その経験が、思わぬところで生きたわけだ。
まさしく本領発揮。
廃墟に近いありさまだった王都にはすでに復興の兆しが見えていた。
エリザはこのことに大喜びしているそうだ。
お手振りの合間に、投げキッスなどもしてもらえるとみな鼻息を荒くしていた。
俺も一度だけ兵に混ざって見に行った。
エリザには内緒だったのだが、彼女は兵士達と押し合いへし合いしながら彼女に手を振る俺に気付いてくれた。
はにかむエリザは、えくぼも可愛い女王様だ。
彼女は俺に向かってこっそりと、彼女はその右手を振ってくれた。
俺の気持ちがわかるかね?
意中の素敵な女性から、特別扱いしてもらえる優越感をおれはとても良く理解した。
近くの兵からは感謝され、離れた者達からは憎悪の視線を向けられた。
ちなみにこの翌日からは、彼女の隣が俺の定位置になった。
エリザは親しげに俺の腕に手を絡めてくれた。
兵からの視線に若干の殺気が混じるのを、俺は大変心地良く思ったものだ。
次にエリザは優しかった。
なんでもエリザは慰問の度に、手ずからパンを籠につめて来てくれるのだそうである。
「少しだけですけど。折角だから陛下が直に手渡ししろと。中身は普通のパンですよ? でも美味しいです。皆さんから頂いた小麦粉のおかげ」
そう言って毎日城のかまどで焼いたパンを大きな籠に詰め込んで木イチゴのジャムやらと一緒にもってきてくれる。
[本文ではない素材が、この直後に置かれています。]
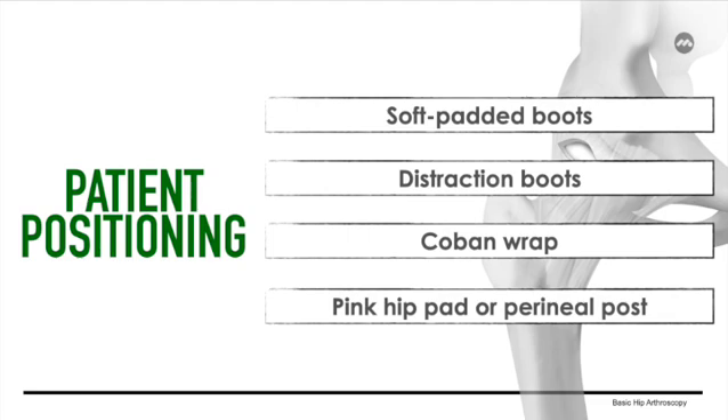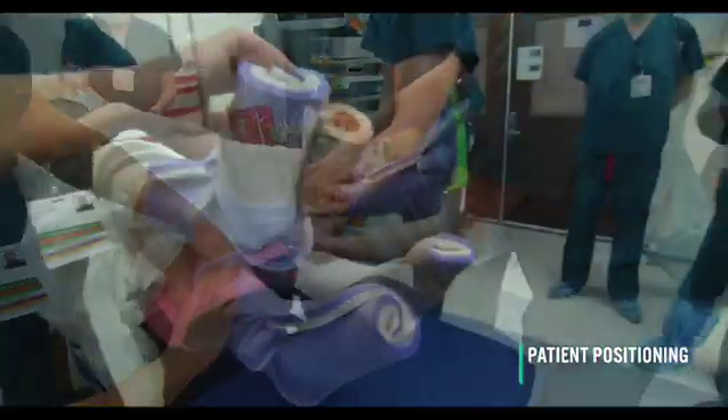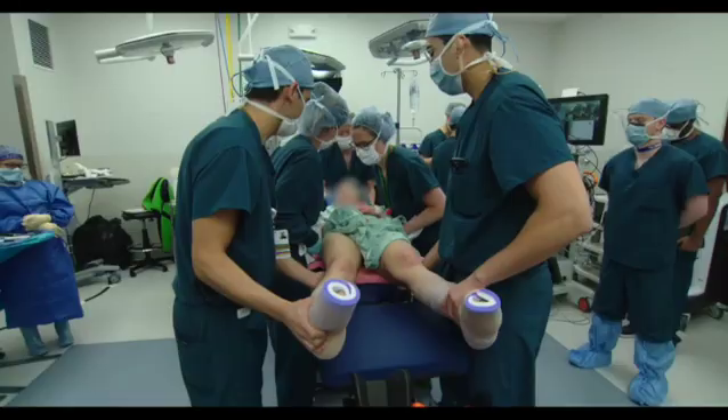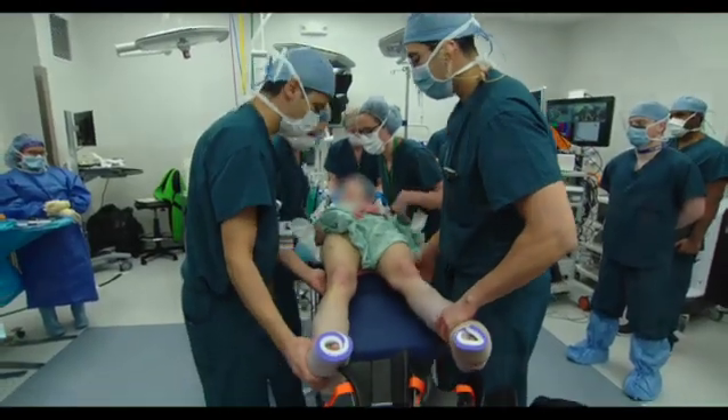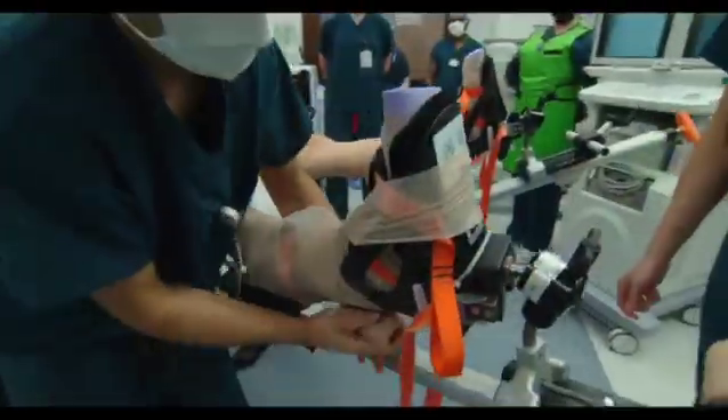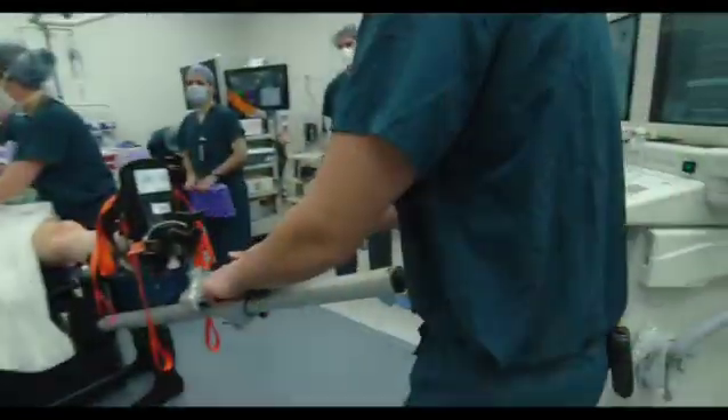The patient is positioned on top of a pink hip pad, which creates friction allowing for a postless hip scope. The soft padded boots are tightly wrapped around with a coban wrap before being set in place in the surgical distraction boots. An additional coban tape layer is wrapped around the surgical limb, which had been previously secured into the corresponding traction boot.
パンの受け取りは、連隊長の持ち回りだそうで、奴らは二人とも喜んでいた。
留守居は第九と第十の両連隊長。
思わぬ役得であるのだが、俺にばれたと首をすくめて謝罪された。
エリザはもちろんそんなことは知らぬ。
「大変なお仕事なのですから体は労ってくださいね。無理するような悪い子は、わたくしが酷い目にあわせますよ。診療所で」
エリザはそう冗談めかして笑ったそうだ。
こんなことを言われた日には、みな無理をしちゃおうというものである。
診療所。
こちらは、既にユリウスの預かるところになっていた。
だが、なんとエリザは一時、本当に兵士の診察にあたってくれていたのだそうだ。
女王自らが診てくれるという噂はすぐに広まったが、兵士達が殺到するその前になんらかの理由で取りやめになってしまったとのこと。
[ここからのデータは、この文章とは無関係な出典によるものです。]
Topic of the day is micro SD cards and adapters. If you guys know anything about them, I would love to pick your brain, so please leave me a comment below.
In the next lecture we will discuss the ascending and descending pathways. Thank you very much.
「本当はもっと陛下に診てもらえたはずなのです! それをユリウスとか言う軍医が邪魔をして……」
嘆き節とも恨み節とも言えない声が、俺の元にも届けられた。
相当な評判だったのだろう。
わずか数十人ほどではあるが、彼女の手で手当をしてもらえた兵士もたしかにいて、連中は末代までの自慢にすると言っていた。
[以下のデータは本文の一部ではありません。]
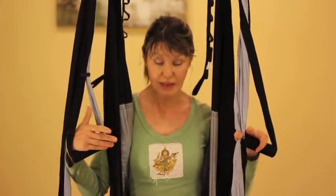Hi and welcome back. Today we're going to explore some standing aerial poses. You can start by having the aerial gym around mid-thigh or full inversion height, whichever is most comfortable for you and easiest to get into. I'm going to start with inversion height because I'm already sitting in here, and now I'm going to show you how to proceed into standing aerial poses.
下手すると貴様らが末代なんだが、その点は大丈夫なのか。
兵士諸君?
なかでも一番の評判だったのは、尻の治療を施されたという兵士である。
その男が自慢げに手術跡を晒していると聞いたので、折角だから俺もそれを見に行った。
実に、きたないケツだった。
手袋越しとはいえ、エリザはこんなものに触れたのか。
うらやま……、けしからんにも程がある。
しかし、うらやま……、うらやましい。
とりあえず蹴っ飛ばしておいたのだが、それではおさまらない俺は堪らず師匠のユリウスに相談した。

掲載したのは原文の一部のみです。